120. These registers are not interconnected today and each is monitoring partially identical and different types of data, which has no objective and rational reason. It is also not justified to distinguish health professionals from one another according to whether they pursue a medical or non-medical profession. Therefore, the data on these are the same in the Health Services Act, unless the nature of the matter prevents it. Another reason for register management is the task of the Ministry of Health, in cooperation with universities, chambers and specialist companies, to determine the number of residences and to calculate the expected costs of specialist training and the task of ensuring an overview of the number of staff with professional, specialised and specific competence who carry out the medical profession in the Czech Republic. Information obtained from registers also serves to make effective use of funds intended to educate health professions in the labour market. The reasons, purposes or intentions of the health registers described above, which are reflected in the text of the Health Services Act, do not monitor and cannot comply with the medical records under Act No. 220 / 1991 Coll., which is a mere list of chamber members without the necessary data. The Minister submitted a detailed description of the purpose and functioning of each registry in the Annex for his comments.
121. The possible abolition of the contested legislation of the National Health Information System would at least result in a permanent loss of all health statistics of the health department on the health status of the population, which has been operating here since the so-called First Republic, as well as interference with the national statistical service (e.g. abortion data are source data for state statistics on demographic development of the Czech Statistical Office). The loss of many decades of data collected, including the possibility of confronting other countries of Europe and the world, can also be described as incalculable. The information from the registries is used for long-term monitoring and analysis of the occurrence of monitored diseases and treatments in the Czech Republic, with the data found being processed in epidemiological studies and serving medical research. At the same time, the functionality of other registers would be impaired when, for example, the National Register of Providers is registered as the so-called Agenda Resort Register in relation to basic registers under Act 111 / 2009 Coll., on basic registers, as amended, and as a result of its abolition, the function of such registers as one of the tools for reducing administrative burden and delaying public administration. The fulfilment of international obligations towards international organisations would also be hampered.
122. The creation of health registers is undoubtedly an intervention in the constitutionally guaranteed right to privacy and confidentiality of personal data within the meaning of Article 10 (3) of the Charter, but this is an intervention admissible. In addition to the above legal and legitimate objectives, there is also a constitutionally challenged interest in the existence of a legitimate collection of personal data, which is in a competitive relationship in relation to the human law in which it is affected. On the one hand, the right to health protection enshrined in Article 31 of the Charter, the public interest in the protection of public health as a public good and, at international level, the obligations arising from the Convention on Human Rights and Biomedicine, on the other hand, the right against unauthorised interference in the personal sphere of an individual in the form of protection against unauthorised collection, disclosure or other misuse of data. The Minister considers that the contested legislation reflects not only that public interest in the protection of public health but also indirectly protects the right of specific people to health protection (e.g. the National Register of People Excluded from Blood Donation or the National Register of Occupational Diseases). The above-mentioned sense of processing of personal data and the constitutionally challenged interests of the company justify, in accordance with the requirements of Article 10 (3) of the Charter, the effectiveness and legitimacy of the management of health information systems, which are covered by the National Health Information System.

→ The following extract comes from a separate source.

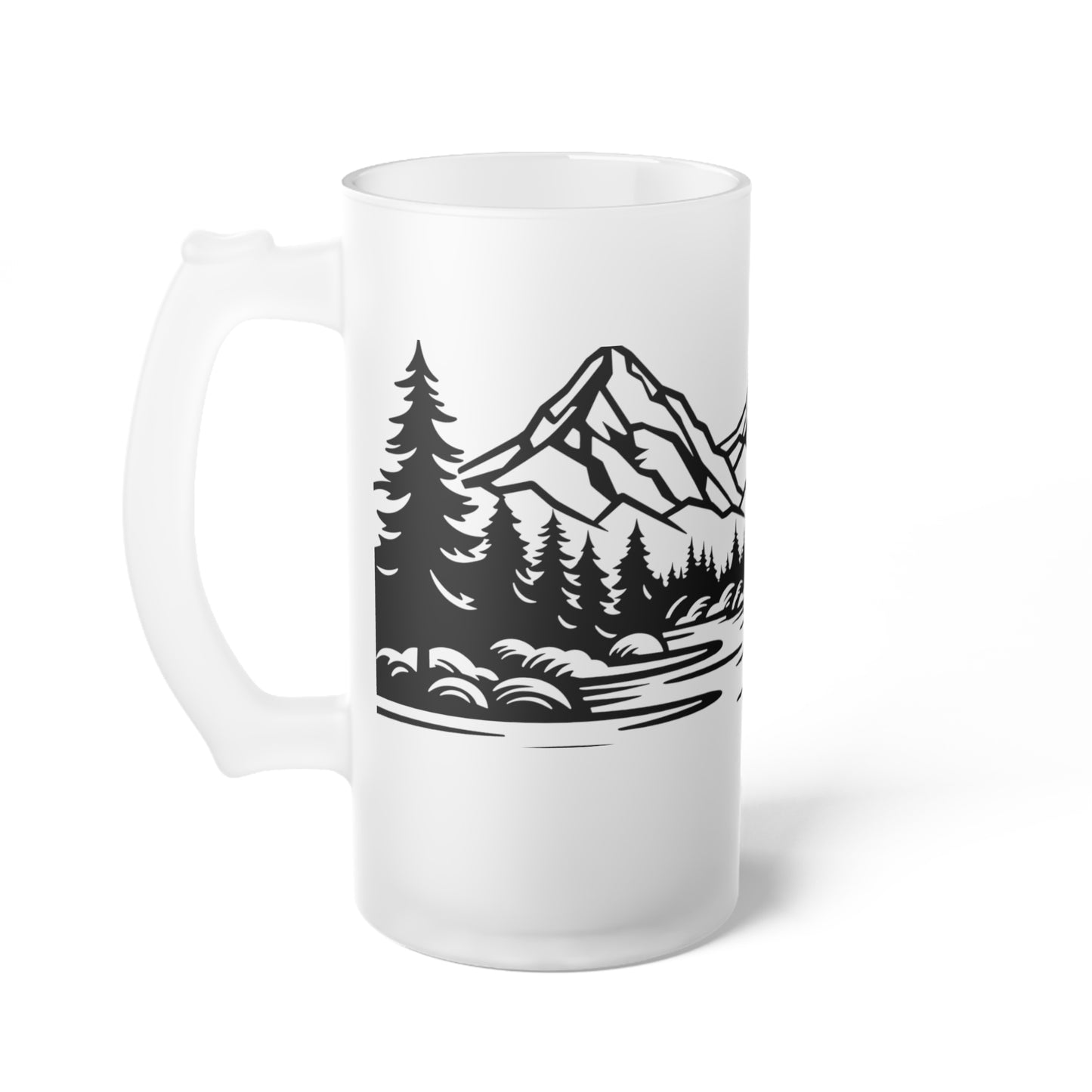 Frosted Glass Beer Mug 16oz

Definition of certain administrative offences under the Health Services Act
123. A group of senators also attacked some of the administrative offences introduced by the Health Services Act, in principle those with whom the highest penalty is up to CZK 1 000 000. It is precisely the amount of the penalty, whose upper limit is considered to be ipso facto unconstitutional, that is to say, in conjunction with the alleged vagueness of the legal expression of the character of the facts of the contested administrative offences as the main reason for the unconstitutional nature. In this context, the Minister notes that the interveners themselves are relativising the seriousness and justification of their arguments, since they claim that "it is not the role of the Constitutional Court to examine the amount of individual penalties for individual administrative offences or infringements, as provided for by the legislature, as well as the fact that the law only sets the upper limit of those sanctions and, in accordance with the principle of proportionality, the administrative discretion will be to choose a penalty proportionate to the wrongdoing of which the health service provider in the situation in which the infringement took place ', and refer to the role of the case and practice in applying new legal rules containing the facts of administrative penalties. It adds to this view and notes that it fully reflects its position as well as the views of the Constitutional Court expressed, for example, in the decision of 25 October 2011 sp. zn. In the case of the contested provisions, there are no exceptions from the limits in which the legislature can move in the formation of criminal provisions of the law, which is sufficient to point out, for example, that the facts of administrative offences are clear, understandable and specific, the rate of fines does not have a lower limit, there are liberal reasons in place, and not every infringement of the legal obligation is an administrative delicacy.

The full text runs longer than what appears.